Sua importância para a governo tucano fica evidente pela quantidade de menções a ele no recém-lançado diário de FH para os dois primeiros anos de gestão: Maciel aparece 122 vezes nas mais de 900 páginas. O então presidente o qualificava como “coordenador político” do governo no Congresso e não era incomum a romaria de parlamentares ao gabinete do vice.

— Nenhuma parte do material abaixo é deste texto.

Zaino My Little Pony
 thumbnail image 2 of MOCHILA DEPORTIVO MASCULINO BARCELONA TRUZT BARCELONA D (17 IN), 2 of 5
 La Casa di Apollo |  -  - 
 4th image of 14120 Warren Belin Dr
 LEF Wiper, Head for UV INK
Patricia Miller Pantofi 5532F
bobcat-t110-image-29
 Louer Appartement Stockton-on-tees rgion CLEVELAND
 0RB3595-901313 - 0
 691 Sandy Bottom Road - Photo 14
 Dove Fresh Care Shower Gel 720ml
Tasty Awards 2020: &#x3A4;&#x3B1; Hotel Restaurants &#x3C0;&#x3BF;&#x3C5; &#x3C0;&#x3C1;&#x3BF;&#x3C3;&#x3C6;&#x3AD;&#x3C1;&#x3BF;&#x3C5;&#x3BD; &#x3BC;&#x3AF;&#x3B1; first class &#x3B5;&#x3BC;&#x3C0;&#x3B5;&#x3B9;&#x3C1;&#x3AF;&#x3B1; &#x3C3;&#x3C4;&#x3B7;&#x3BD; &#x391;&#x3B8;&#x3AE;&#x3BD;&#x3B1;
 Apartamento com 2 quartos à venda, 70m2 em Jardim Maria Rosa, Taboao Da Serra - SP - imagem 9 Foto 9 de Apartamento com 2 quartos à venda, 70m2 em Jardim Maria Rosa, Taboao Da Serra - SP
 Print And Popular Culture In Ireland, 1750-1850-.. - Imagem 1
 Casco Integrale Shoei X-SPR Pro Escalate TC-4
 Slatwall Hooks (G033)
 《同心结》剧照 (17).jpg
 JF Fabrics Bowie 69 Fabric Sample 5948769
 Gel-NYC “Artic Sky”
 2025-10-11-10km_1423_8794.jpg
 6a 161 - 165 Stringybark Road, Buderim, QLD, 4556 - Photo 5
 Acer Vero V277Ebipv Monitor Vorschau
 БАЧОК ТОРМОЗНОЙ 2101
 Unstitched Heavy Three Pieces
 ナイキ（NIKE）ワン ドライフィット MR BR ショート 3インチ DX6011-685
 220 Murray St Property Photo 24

Foi Maciel quem ajudou a conter os ímpetos do então senador Antônio Carlos Magalhães, que agia com eventual rebeldia no Congresso, e a conter crises como o escândalo da Pasta Rosa, sobre financiamento ilegal de campanha de aliados. Durante o regime militar, foi um entusiasta da volta à democracia. Obcecado com o tema da reforma política, que considerava urgente, ele não pôde acompanhar as discussões comandadas pelo presidente da Câmara, Eduardo Cunha (PMDB-RJ) sobre o assunto no primeiro semestre deste ano.
— Ele ainda recebe alguns poucos amigos em casa, mas fica sentado e calado durante todo o tempo — diz Ana Maria, que já chegou a representar o marido em eventos do DEM.
Durante quase cinquenta anos, Maciel começava a rotina com a leitura de seis jornais, que recortava e rabiscava, e partia para suas articulações políticas. Chegava em casa tarde da noite, mas a tempo de conversar amenidades com a mulher. Perdeu a primeira eleição aos 70 anos. Depois da derrota, parecia abatido. Uma depressão começou a ser tratada. Já era sinal de Alzheimer. A doença evoluiu a ponto de tirar-lhe as iniciativas. Ana Maria precisa prestar atenção a pequenos sinais para saber se ele está doente ou com fome.
— É uma pena que você não possa conversar com ele sobre política. Eu sei que ele gostaria. Vivemos uma ausência de alguém que está presente — lamenta Ana Maria.